Hillary is beginning to recover well. After the initial accident, her x-rays came back clear, and so the next milestone is the scan, which should take place next week sometime. The vet, who has been three times now, is extremely impressed with her progress. It's strange to think that I very nearly lost her, and in fact, I haven't yet come to terms with it.
To non-horsey people, the way I feel about Hills may seem bizarre, but to me, she is like my child. I don't have children, and as yet, don't want any. I don't feel responsible for Hillary (although I know I am), I feel more as though I would do anything for her because I love her and couldn't imagine not having her in my life. If she hadn't reacted to her leg getting caught in the gate calmly, she probably wouldn't be here right now. I am so so grateful that she reacted so calmly, and that there were people around to help her. I am grateful to everyone that helped her that evening, and am trying to thank everyone that either helped her directly, or who have sent her get well messages. To many, this may seem strange, but to me, my whole world has been turned upside down.
The vet has been this morning (18.2.12), and is amazed by how well she is doing. The bandage has been removed from the much thicker green one, to a much lighter red one:
There is much less swelling than expected (some around the coffin joint and pastern) but everything seems unbelievably well. Hills in herself is bright and when I take her out on her little walks (to stop her stiffening up), she is forward and wanting to move about.
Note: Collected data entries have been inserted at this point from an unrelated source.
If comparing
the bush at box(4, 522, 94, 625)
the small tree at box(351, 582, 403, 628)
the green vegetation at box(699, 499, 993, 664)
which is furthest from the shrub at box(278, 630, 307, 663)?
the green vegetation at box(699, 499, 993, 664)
The vet tells me that although her still being here is a miracle, and her progress is remarkable, there is still likely to be some damage. It's hard to be realistic for me.
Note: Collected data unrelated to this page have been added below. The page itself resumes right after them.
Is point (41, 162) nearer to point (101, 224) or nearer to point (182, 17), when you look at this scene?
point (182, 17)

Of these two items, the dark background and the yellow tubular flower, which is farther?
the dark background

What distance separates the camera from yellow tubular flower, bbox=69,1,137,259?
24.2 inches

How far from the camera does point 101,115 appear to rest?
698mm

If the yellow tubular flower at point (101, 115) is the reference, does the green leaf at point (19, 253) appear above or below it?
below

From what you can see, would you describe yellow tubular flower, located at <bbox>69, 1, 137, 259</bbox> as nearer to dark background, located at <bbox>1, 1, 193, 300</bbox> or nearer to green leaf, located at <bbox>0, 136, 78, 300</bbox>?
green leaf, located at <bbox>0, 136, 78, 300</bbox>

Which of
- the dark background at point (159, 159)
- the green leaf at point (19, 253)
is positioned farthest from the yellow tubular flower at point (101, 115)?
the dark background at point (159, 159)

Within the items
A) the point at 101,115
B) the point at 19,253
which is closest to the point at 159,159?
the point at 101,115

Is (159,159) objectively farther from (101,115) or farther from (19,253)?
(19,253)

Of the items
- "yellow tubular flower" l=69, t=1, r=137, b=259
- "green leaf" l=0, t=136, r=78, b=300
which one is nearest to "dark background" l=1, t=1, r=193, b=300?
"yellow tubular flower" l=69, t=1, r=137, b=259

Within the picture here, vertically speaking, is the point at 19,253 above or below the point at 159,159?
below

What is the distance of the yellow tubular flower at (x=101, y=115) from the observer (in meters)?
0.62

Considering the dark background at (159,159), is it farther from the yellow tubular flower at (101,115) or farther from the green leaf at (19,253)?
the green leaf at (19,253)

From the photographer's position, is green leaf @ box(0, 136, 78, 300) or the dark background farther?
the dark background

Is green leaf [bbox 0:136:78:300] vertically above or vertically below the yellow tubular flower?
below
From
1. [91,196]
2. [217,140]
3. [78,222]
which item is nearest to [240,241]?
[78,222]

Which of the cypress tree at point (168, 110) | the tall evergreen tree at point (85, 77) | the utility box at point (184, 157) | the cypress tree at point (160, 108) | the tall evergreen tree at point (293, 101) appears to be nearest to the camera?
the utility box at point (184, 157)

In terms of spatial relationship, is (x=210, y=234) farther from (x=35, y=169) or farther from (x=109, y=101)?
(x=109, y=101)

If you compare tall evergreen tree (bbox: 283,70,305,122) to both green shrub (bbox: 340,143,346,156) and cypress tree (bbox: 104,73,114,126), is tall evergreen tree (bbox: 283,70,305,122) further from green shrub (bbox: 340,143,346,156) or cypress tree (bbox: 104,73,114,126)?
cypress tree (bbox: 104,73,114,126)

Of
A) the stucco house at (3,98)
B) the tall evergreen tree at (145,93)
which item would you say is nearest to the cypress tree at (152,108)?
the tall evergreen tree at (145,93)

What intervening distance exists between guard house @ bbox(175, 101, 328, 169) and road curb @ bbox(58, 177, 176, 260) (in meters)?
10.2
I wanted to spend my few days off riding, and was so excited when the snow melted. I can't believe what has happened to her, and despite part of me feeling that so much has befallen her recently, I do feel quite positive. I can't wait for her rehabilitation to start, and to get her back working. Sometimes, things are sent to try us, and life suddenly becomes hard. I have hardly slept this week and when I have slept, I have been plagued by nightmares. But despite all the uncertainty and worry, I still have Hillary, and the prognosis is good. So for all the times she has been brave, and looked after me, I now will look after her, and I only hope I can give what she gave to me.